自分の声は「浮いている」というよりむしろ沈殿している、と、女の子と話しながらしょっちゅう感じます。透きとおっていたり、熱っぽかったりする、多彩な高い声を聞き、私がきまって想起するのは、かわいらしい手毬麩です。汁椀の底から見上げる気分でしゃべります。これといった実用性はない絶対音感が、水面までの距離をみずからの耳にはっきりと知らせます。
混雑したショッピングモールで、あやうく溺れかけた直後みたいに呆然とするのも、最後に美容院を訪れてから二年あまり経つのも、ひとつには、この通りにくいかすれた声のせいです。受け答えがたいへん難しく、しかし黙りこむわけにもゆかず、せいいっぱい明瞭な声を作って張り上げる(と、ようやく相手に届くが、その苦しい加工をやめたとたんにやり取りを途切れさせてしまうか、機嫌を損ねたと思わせてしまう)、その作業を思うだけでくらくらしてきます。

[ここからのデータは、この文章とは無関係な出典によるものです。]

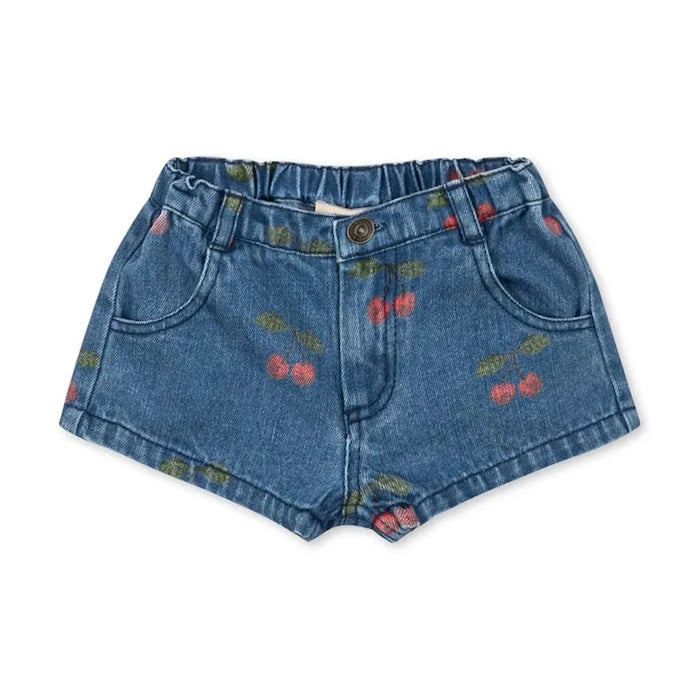 Konges Sløjd Çocuk Pamuklu Kısa Pantolon MAGOT SHORTS GOTS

にぎやかなおしゃべりに適性のない私が、屈託なく甘い気持ちに満たされて話すときは、声色に作為がないため、返事を待たずに眠りそうな緩慢さで、ぽつりぽつりと、ことばを低くこぼしています。ほほえみともまどろみともつかないものを交わしあう、実りのない、弾まない会話が私は好きなのです。